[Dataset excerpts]
====================
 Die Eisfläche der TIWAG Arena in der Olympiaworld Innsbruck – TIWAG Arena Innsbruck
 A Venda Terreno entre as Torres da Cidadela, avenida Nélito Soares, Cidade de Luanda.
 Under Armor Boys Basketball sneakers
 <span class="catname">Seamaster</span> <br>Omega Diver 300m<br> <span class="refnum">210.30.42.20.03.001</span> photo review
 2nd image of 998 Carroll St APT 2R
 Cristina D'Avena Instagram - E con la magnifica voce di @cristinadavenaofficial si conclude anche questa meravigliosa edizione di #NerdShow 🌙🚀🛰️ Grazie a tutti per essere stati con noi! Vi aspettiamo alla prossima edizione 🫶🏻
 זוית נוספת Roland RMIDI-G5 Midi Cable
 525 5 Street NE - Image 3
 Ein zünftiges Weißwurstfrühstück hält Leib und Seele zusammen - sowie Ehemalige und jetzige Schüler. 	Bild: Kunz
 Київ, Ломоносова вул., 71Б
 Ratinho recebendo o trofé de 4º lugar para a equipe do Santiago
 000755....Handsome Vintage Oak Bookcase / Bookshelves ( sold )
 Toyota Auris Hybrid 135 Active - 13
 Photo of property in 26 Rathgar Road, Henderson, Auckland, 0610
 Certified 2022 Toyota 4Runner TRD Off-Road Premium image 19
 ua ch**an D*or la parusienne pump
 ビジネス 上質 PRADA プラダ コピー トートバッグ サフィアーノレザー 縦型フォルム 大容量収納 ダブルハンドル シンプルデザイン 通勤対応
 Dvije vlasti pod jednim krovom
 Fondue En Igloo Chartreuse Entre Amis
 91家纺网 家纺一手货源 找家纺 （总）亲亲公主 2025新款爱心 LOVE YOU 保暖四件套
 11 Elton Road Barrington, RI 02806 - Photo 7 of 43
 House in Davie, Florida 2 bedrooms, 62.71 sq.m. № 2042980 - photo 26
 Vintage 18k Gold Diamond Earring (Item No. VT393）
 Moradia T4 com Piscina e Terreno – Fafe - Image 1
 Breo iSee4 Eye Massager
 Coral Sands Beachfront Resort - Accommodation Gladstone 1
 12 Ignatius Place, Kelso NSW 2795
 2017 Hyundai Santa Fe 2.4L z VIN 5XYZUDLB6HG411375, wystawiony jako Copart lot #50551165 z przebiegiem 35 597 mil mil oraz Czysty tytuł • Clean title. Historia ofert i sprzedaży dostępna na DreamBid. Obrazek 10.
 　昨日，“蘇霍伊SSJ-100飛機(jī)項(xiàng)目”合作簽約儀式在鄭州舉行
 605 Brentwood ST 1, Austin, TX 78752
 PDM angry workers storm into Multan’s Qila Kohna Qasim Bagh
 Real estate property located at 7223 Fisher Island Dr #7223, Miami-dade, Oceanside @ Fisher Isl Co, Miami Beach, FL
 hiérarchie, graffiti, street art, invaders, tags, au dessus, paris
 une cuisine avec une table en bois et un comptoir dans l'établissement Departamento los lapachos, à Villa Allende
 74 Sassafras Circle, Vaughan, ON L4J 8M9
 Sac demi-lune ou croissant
====================
» PROBLEM TO WORK ON
Retype the entries exactly, please. Leave no line out.

» RESPONSE AREA
 Die Eisfläche der TIWAG Arena in der Olympiaworld Innsbruck – TIWAG Arena Innsbruck
 A Venda Terreno entre as Torres da Cidadela, avenida Nélito Soares, Cidade de Luanda.
 Under Armor Boys Basketball sneakers
 <span class="catname">Seamaster</span> <br>Omega Diver 300m<br> <span class="refnum">210.30.42.20.03.001</span> photo review
 2nd image of 998 Carroll St APT 2R
 Cristina D'Avena Instagram - E con la magnifica voce di @cristinadavenaofficial si conclude anche questa meravigliosa edizione di #NerdShow 🌙🚀🛰️ Grazie a tutti per essere stati con noi! Vi aspettiamo alla prossima edizione 🫶🏻
 זוית נוספת Roland RMIDI-G5 Midi Cable
 525 5 Street NE - Image 3
 Ein zünftiges Weißwurstfrühstück hält Leib und Seele zusammen - sowie Ehemalige und jetzige Schüler. 	Bild: Kunz
 Київ, Ломоносова вул., 71Б
 Ratinho recebendo o trofé de 4º lugar para a equipe do Santiago
 000755....Handsome Vintage Oak Bookcase / Bookshelves ( sold )
 Toyota Auris Hybrid 135 Active - 13
 Photo of property in 26 Rathgar Road, Henderson, Auckland, 0610
 Certified 2022 Toyota 4Runner TRD Off-Road Premium image 19
 ua ch**an D*or la parusienne pump
 ビジネス 上質 PRADA プラダ コピー トートバッグ サフィアーノレザー 縦型フォルム 大容量収納 ダブルハンドル シンプルデザイン 通勤対応
 Dvije vlasti pod jednim krovom
 Fondue En Igloo Chartreuse Entre Amis
 91家纺网 家纺一手货源 找家纺 （总）亲亲公主 2025新款爱心 LOVE YOU 保暖四件套
 11 Elton Road Barrington, RI 02806 - Photo 7 of 43
 House in Davie, Florida 2 bedrooms, 62.71 sq.m. № 2042980 - photo 26
 Vintage 18k Gold Diamond Earring (Item No. VT393）
 Moradia T4 com Piscina e Terreno – Fafe - Image 1
 Breo iSee4 Eye Massager
 Coral Sands Beachfront Resort - Accommodation Gladstone 1
 12 Ignatius Place, Kelso NSW 2795
 2017 Hyundai Santa Fe 2.4L z VIN 5XYZUDLB6HG411375, wystawiony jako Copart lot #50551165 z przebiegiem 35 597 mil mil oraz Czysty tytuł • Clean title. Historia ofert i sprzedaży dostępna na DreamBid. Obrazek 10.
 　昨日，“蘇霍伊SSJ-100飛機(jī)項(xiàng)目”合作簽約儀式在鄭州舉行
 605 Brentwood ST 1, Austin, TX 78752
 PDM angry workers storm into Multan’s Qila Kohna Qasim Bagh
 Real estate property located at 7223 Fisher Island Dr #7223, Miami-dade, Oceanside @ Fisher Isl Co, Miami Beach, FL
 hiérarchie, graffiti, street art, invaders, tags, au dessus, paris
 une cuisine avec une table en bois et un comptoir dans l'établissement Departamento los lapachos, à Villa Allende
 74 Sassafras Circle, Vaughan, ON L4J 8M9
 Sac demi-lune ou croissant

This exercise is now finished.